Marcel Dzama’nın işleri bir yandan çok tanıdık: çizgi romanlar, çocukluk oyunları, pop kültür. Ama diğer yandan oldukça tuhaf: ters yüz edilmiş sahneler, karanlık bir masal havası, hafif bir ürperti. Sanatçının çizimlerine bakarken bir çocuk kitabının ortasına düşmüş gibi hissedebilirsiniz. Ama o kitabın sayfalarında dans eden maskelilerin arasında bir savaş başlamış, doğa çökmekte, kraliçeler kandan taç takmakta, gölgeler fısıldamakta… Bu sergi de Dzama’nın hayalgücünün hem oyunbaz hem de politik yönlerini bir araya getiriyor.
Bu şahsına münhasır sanatçıyı ve yaratım serüvenini merak ederseniz… Winnipeg’de doğan ve uzun süredir New York’ta yaşayan Dzama, çizim yaparken kulaklığını hiç çıkarmıyormuş. Zaten biraz dikkatli gözlerle bakınca müziğin ritminin çoğu zaman resme geçtiğini fark edebilirsiniz: “Çizim yaparken müzik dinlemeyi seviyorum. Genellikle, bir şekilde çalışmayla aynı duyguya sahip bir albümüm olur” diyor. “Böylece çizimin atmosferi doğal olarak ortaya çıkar.”
“Üretim neşeme güveniyorum”
“Dzama, sanatında teknolojiden çok sezgiye ve üretim neşesine güveniyor: “Bir sanat eserinde en çok hayran olduğum şey samimiyet ya da sanatçının eser tarafından ele geçirildiği ya da onunla eğlendiğidir. Genellikle onlar için önemli olup olmadığını ya da bunu yapmaktan zevk alıp almadıklarını görebilirsiniz,” diyor. “Herhangi bir sanat türünü küçümseyip küçümsemediğimden emin değilim, ancak teknoloji uğruna en son teknolojiyi kullanan her şeye karşı biraz şüpheliyim.”
"Ay Işığında Dans” sergisi, izleyiciye yalnızca bakmakla kalmamayı, sezgilerini takip etmeyi, detayları yakalamayı öneriyor. Dzama’nın işleri anlatı kurmayı sevenler için bir hazine sandığı gibi; her köşede başka bir figür, başka bir ipucu, başka bir küçük hikâye var. Bir yandan zarif, bir yandan absürd. Tuhaf ama sıcak. Dzama’nın işleri, çağın karanlığını eğlenceli bir masal gibi anlatıyor. Ve belki de bu yüzden, daha etkili. Bu sergi, izleyiciyi hem eğlenceli hem de düşündürücü bir dünyaya davet ediyor. Gülümseyerek bakarken biraz da “Acaba burada ne oluyor?” diye sormaktan kendinizi alamıyorsunuz.
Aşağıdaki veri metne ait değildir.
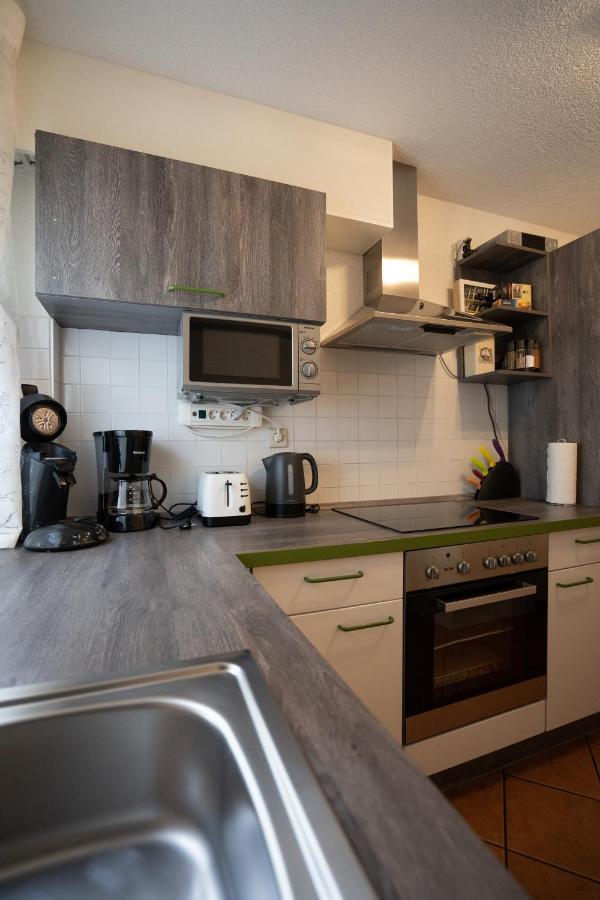 Fewo Reutlingen Metzstrasse Og 1公寓 外观 照片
“Ay Işığında Dans” sergisi 17 Ağustos’a kadar ziyaret edilebilir.
Samih Rıfat da Pera'da
Pera Müzesi'nde aynı zamanda kültür dünyamızın önemli isimlerinden Samih Rifat’ın yaşamına ve üretimine odaklanan bir başka etkileyici sergi de izleyicilerle buluşuyor: “Çok İş Var Yapacak”. Sergi, Samih Rifat’ın fotoğraflarından, çevirilerinden, belgesellerinden ve yazılarından derlenen bir seçki sunarak onun sanat ve düşünce dünyasını derinlemesine keşfetme fırsatı sağlıyor.
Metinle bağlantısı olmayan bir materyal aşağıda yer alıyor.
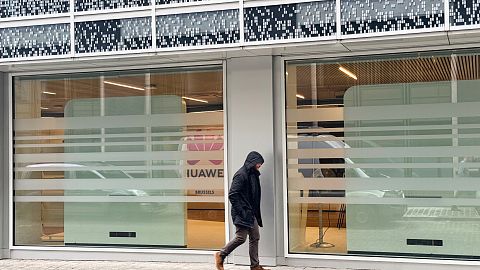 I lobbisti di Huawei sono temporaneamente banditi dal Parlamento europeo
Samih Rifat, Batı ve Anadolu sanatlarının izlerini taşıyan çok yönlü bir kültür insanıydı. Fotoğrafçılığı bir sanat değil, bir düşünce aracı olarak gören Rifat, dergilerde yayımladığı yazılarla fotoğraf dünyasına önemli katkılarda bulundu. Aynı zamanda, pek çok belgesel projeleri ve özenle yaptığı çevirilerle de tanınır. Sergide, Rifat’ın görsel ve yazınsal dünyasına dair pek çok örnek yer alırken, onun bir kültür aydını olarak nasıl bir köprü vazifesi gördüğü de gözler önüne seriliyor. Sergi, sadece Rifat’ın kişisel eserlerine değil, aynı zamanda onun kültür dünyasında nasıl bir iz bıraktığına da ışık tutuyor. Samih Rıfat’ın çok yönlü ve ilham veren dünyasıyla tanışmak için 17 Ağustos’a kadar vaktiniz var.